All Bedlam Courses Past (part ninety-four)

All Bedlam Courses Past
Chapter Three
An Object in Motion
(part ninety-four)
If Kentucky’s fair Elizabethtown has any particular tie to the city of Nashville, I must leave it to the old-timers to inform me. For here, my friends, you have the reporter’s lot. Most any sundry dusted off from the Closet of Memory warrants the eager hearing—as in a blue moon that yellowing hue of antiquity proves true gold.
Now, Cookesvillians will appreciate that if there are no church services going and no lynchings in the works, the pace along a Southern city’s Main Street is a slow one. “I don’t know,” I had begun, to a fellow on the bench outside a barber’s, “if there is a woman in this city…”
He stopped me here. “You just keep a move on.”

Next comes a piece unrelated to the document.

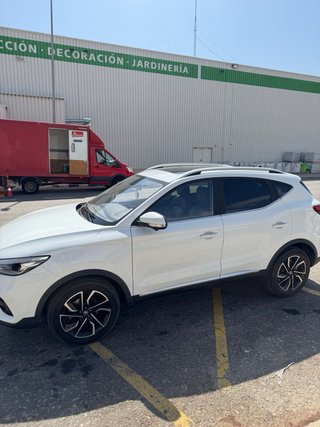 MG ZS Luxury 1.5 106 CV — 2023 — 17.500 km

“A woman,” I said, on my dignity, “who may be a widow, who may keep a tidy farm, who may sit often on her front porch greeting passersby, having a chinwag, if they feel so inclined. A woman who has seen seventy years, and recalls the bulk of them sharply. A woman who has known romance, and the waywardness of youth…a nephew, let us say, grown to man’s estate, seeking apprenticeship in the great metropolis…”
I was peered at. But the fellow yielded this: “Are you wanting Auntie Nan?”
If I were, I could not have known it. I was willing, however, to have faith in the prospect, and I answered him, “Yes.”
This was it, come at last.
Son against father…strong. Ties between Elizabethtown and Nashville, outright provoking. But only to Rowan. Only to Rowan would Thacker’s gibes seem leering between lines.
I eyed the hieroglyphs I’d put down in my notebook. “Buckey…Burkey.”
“Tom Burkey? Out Mill Run? Fell under his horse, that’s how he died.”
“No, ma’am. I’m asking you about an affaire d’honneur.”
“On who? Not my sister!”
Hilarity. But, a comic piece so pregnant with hint…the town would talk.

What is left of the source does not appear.